Sometimes, I forget how well she knows me. Knows all of us. How she can cut through pretense and posturing to the heart of a problem, then reconstruct it into something manageable.

“Six hours,” I say quietly. “Think we can prove that innovation beats tradition? That sustainability isn’t just a trend?”

“Please.” I can hear her smile through the phone. “I once helped you convince your mother that the living room furniture rearranged itself during an earthquake in Ohio. This is nothing. Besides, I just found three more efficiency metrics we can integrate into the Project Phoenix timeline.”

Despite everything, I laugh. The memory of sixteen-year-old Emma, straight-faced as she described to my mother how theearthquake had been “highly localized” and “most likely the result of underground tectonic anomalies specific to the Ohio River Valley.” Mom hadn’t believed us for a second, but she’d been so impressed with the elaborate explanation that we’d gotten off with just extra chores.

“That was a terrible excuse.”

“It worked, didn’t it? Now, are you going to help me modify this presentation to show exactly why Brighton’s one-size-fits-all approach can’t match our customized sustainability solutions, or do I need to start researching sudden-onset synchronized swimming as a business strategy?”

“You heard about that?”

“Lucas, everyone heard about that. There’s still a video somewhere of you teaching Morton the backstroke while explaining quarterly projections.”

The annual partners’ retreat at Matthews & Sterling had been unbearably stuffy until someone (me) suggested that the strategy discussion might be more productive by the pool. By midnight, I had the entire financial team demonstrating how our investment approach was like synchronized swimming—perfectly coordinated while appearing effortless to observers.

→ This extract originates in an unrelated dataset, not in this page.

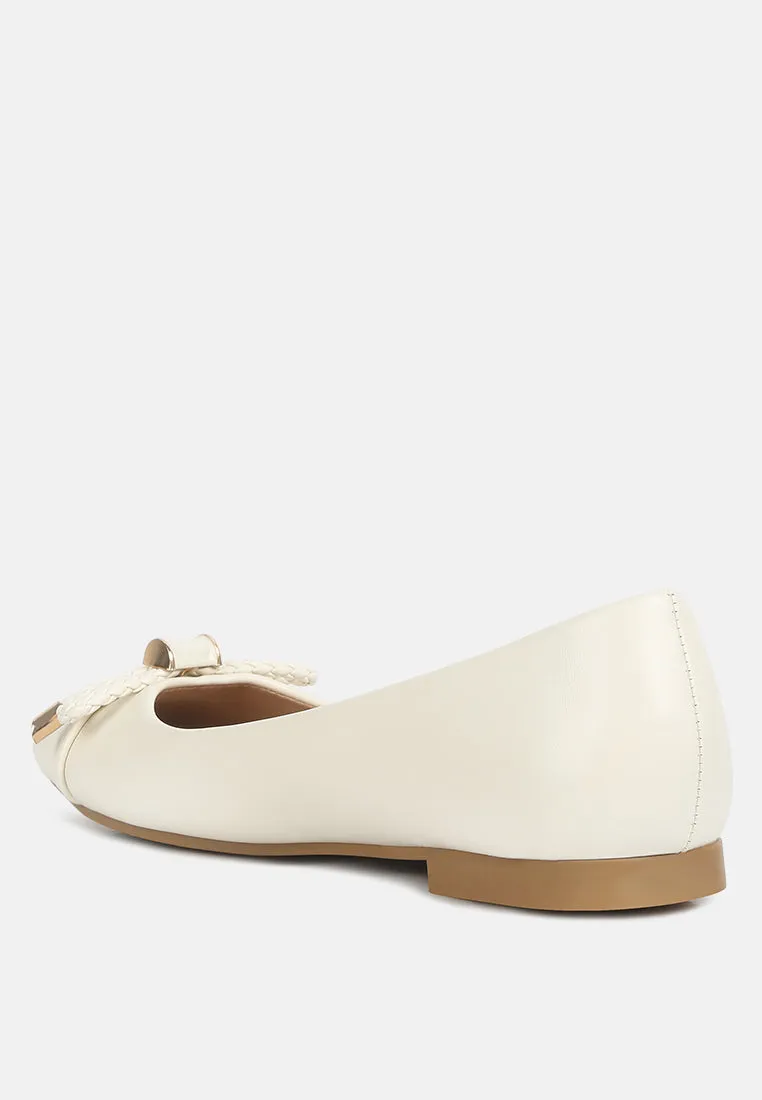 moi metallic embellished flat ballerinas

The demonstration had become something of a company legend, earning me respect for innovative thinking and a reputation for unconventional methods.

I should be professional. I should maintain boundaries and not spend the next six hours in close quarters with the one person who makes me forget about boards, expectations, and legacies. The one person who makes me believe we might pull this off, not just for the company but for what we could build together.

I should send her an email with bullet points and schedule a brief meeting an hour before the presentation.

“I’ll bring coffee,” I say instead. “Decaf.”

“Probably wise.” Something else crashes in the background. “Oh, and Lucas?”

“Yeah?”

“I really do still have your…” She hesitates, and then her voice softens. “Never mind.”

I wait, the moment stretching between us, something unspoken hanging in the air. Even through the phone, I can feel the weight of it.

This is exactly what Project Phoenix represents—revolutionary ideas in a package traditional enough for the board to accept. That’s what we’ve always done best—rebellion wrapped in convention.

The line clicks dead before I can say goodbye, leaving me grinning at my phone like an idiot. My father’s photo seems to be judging me even harder now, his stern expression is a reminder of all the ways I’m handling this differently than he would have.

But maybe that’s the point. Dad built Walker Enterprises by following his instincts about people as much as markets. He saw something in Emma worth nurturing. Maybe this is exactly what he would have done, just with more gravitas and fewer coffee incidents.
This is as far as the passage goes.